|Publication number||US4469506 A|
|Application number||US 06/460,381|
|Publication date||Sep 4, 1984|
|Filing date||Jan 24, 1983|
|Priority date||Jan 24, 1983|
|Publication number||06460381, 460381, US 4469506 A, US 4469506A, US-A-4469506, US4469506 A, US4469506A|
|Inventors||Haruo Sekiguchi, Kimiteru Tagawa, Kazushi Ohshima, Nobuhiro Fukuda|
|Original Assignee||Mitsui Toatsu Chemicals, Incorporated|
|Export Citation||BiBTeX, EndNote, RefMan|
|Patent Citations (3), Referenced by (2), Classifications (8), Legal Events (4)|
|External Links: USPTO, USPTO Assignment, Espacenet|
1. Field of the Invention
This invention relates to a process for producing ferromagnetic iron powder which has utility for high-density magnetic recording media such as magnetic tapes, magnetic drums and magnetic discs.

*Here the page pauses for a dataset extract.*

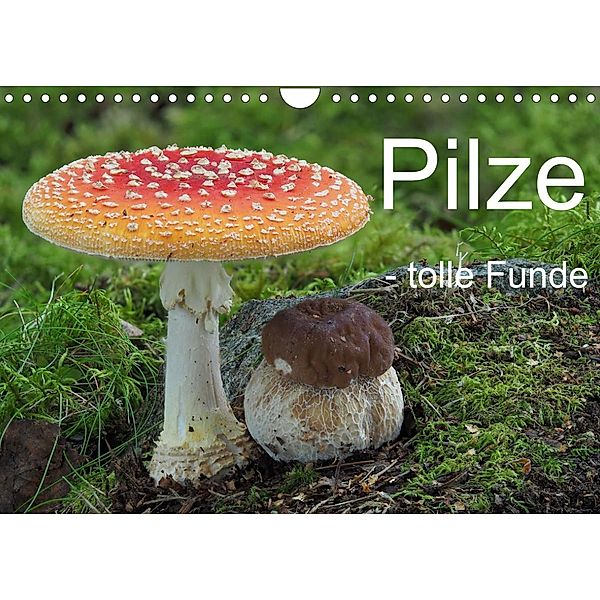 Pilze - tolle Funde (Wandkalender 2023 DIN A4 quer), Rudolf Bindig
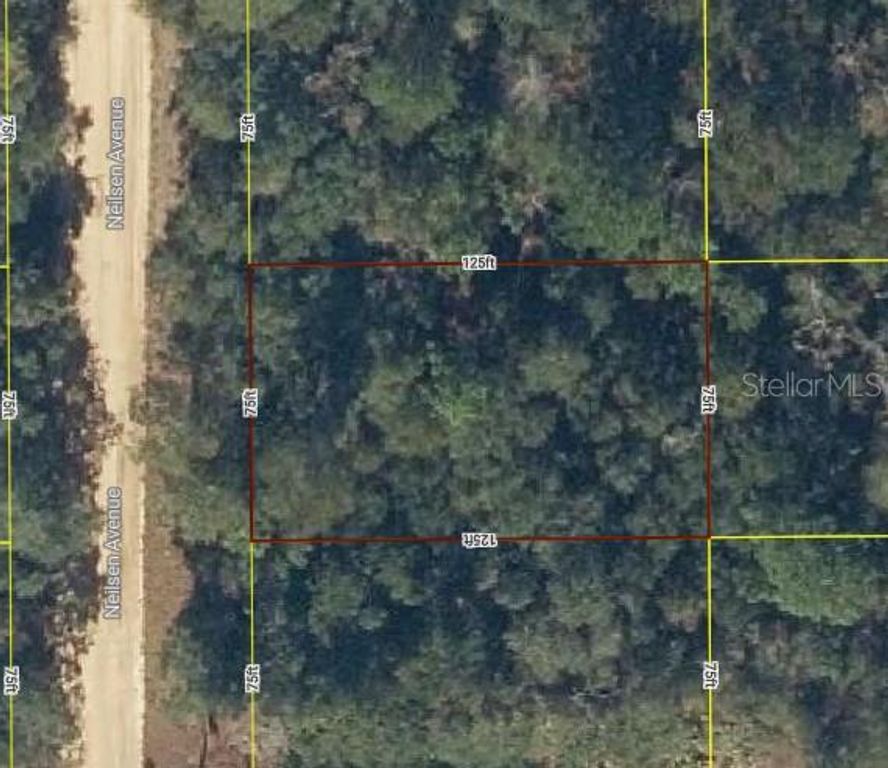 Lot 17 NEILSEN AVENUE, Interlachen, FL 32148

2. Description of the Prior Art
It has heretofore been known that ferromagnetic iron powder can be produced by heating and reducing an oxyhydroxide or oxide such as acicular α-FeOOH or α-Fe2 O3 (hereinafter abbreviated as "acicular goethite or the like"). However, such a conventional process is inevitably accompanied by breakup, fragmentation and sintering of the raw material, goethite or the like upon heating and reducing same. As an improvement to the above-described prior art process, it has been proposed in Japanese patent publication No. 42832/1979 to obtain ferromagnetic metal powder by dipping its corresponding oxide or oxyhydroxide in an aqueous solution containing boron oxide or a borate dissolved therein and then heating and reducing the thus-dipped oxide or oxyhydroxide.

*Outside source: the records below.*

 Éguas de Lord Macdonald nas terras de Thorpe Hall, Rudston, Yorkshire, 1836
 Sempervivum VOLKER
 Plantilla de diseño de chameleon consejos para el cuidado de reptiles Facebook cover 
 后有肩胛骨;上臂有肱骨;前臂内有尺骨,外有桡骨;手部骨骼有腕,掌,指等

When the latter process is followed, a great deal of energy is required because a large volume of water, which contains boron oxide or borate, has to be removed by evaporation. Furthermore, the boron oxide or borate dissolved in water tends to move together with water toward the evaporation interface upon driving off the solvent and the concentration distribution of boron oxide or the borate within the resulting powder becomes unavoidably uneven, leading to another disadvantage that the powder has to be heated and reduced while being of uneven concentration distribution. As a result, the magnetic properties of the thus-obtained powder deteriorate.
The above-described phenomenon that boron oxide or the borate moves to the evaporation interface upon the removal of the solvent by evaporation will be described in further detail. The concentration of boron oxide or the borate in a surface layer increases due to, for example, the movement of a filter layer to the surface phase, the movement of filter cake onto the surfaces of lumps or the like, thereby deleteriously affecting the uniformity of the ferromagnetic iron powder to be obtained.
An object of this invention is to provide ferromagnetic iron powder having utility for high-density magnetic recording media such as magnetic tapes, magnetic drums, magnetic discs and the like.
Another object of this invention is to provide ferromagnetic iron powder having uniform quality and such magnetic properties as high coersive force (Hc).
The above objects have been achieved by a process for producing ferromagnetic iron powder by heating a metal oxyhydroxide or oxide containing iron as its principal metallic element in a reducing atmosphere so as to reduce said oxyhydroxide or oxide, which process comprises the following consecutive steps:
mixing said oxyhydroxide or oxide with boron oxide and/or one or more borates at a B/Fe atomic weight ratio of 0.05/100-5/100 without dissolving said boron oxide or borates, so that said boron oxide or borates are dispersed in said oxyhydroxide or oxide;
heating the thus-obtained mixture to 350° C. or higher in a non-reducing atmosphere; and
heating and reducing the thus-heated mixture while keeping same in contact with hydrogen gas.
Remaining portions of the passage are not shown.